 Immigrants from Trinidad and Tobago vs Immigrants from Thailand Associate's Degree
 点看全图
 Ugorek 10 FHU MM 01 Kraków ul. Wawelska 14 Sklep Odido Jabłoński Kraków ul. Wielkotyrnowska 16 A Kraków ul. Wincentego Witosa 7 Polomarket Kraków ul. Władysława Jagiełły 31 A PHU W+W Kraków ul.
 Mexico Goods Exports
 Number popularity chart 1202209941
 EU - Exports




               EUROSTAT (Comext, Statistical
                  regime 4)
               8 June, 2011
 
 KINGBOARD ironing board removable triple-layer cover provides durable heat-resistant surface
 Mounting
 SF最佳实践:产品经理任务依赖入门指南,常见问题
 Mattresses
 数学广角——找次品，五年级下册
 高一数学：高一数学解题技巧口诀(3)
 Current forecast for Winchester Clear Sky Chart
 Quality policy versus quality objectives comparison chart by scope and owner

[Directions for this task] Beginning at the line that contains "高一数学：高一数学解题技巧口诀(3)" and ending at the last line above, copy each line without any change.

[Exercise output]
 高一数学：高一数学解题技巧口诀(3)
 Current forecast for Winchester Clear Sky Chart
 Quality policy versus quality objectives comparison chart by scope and owner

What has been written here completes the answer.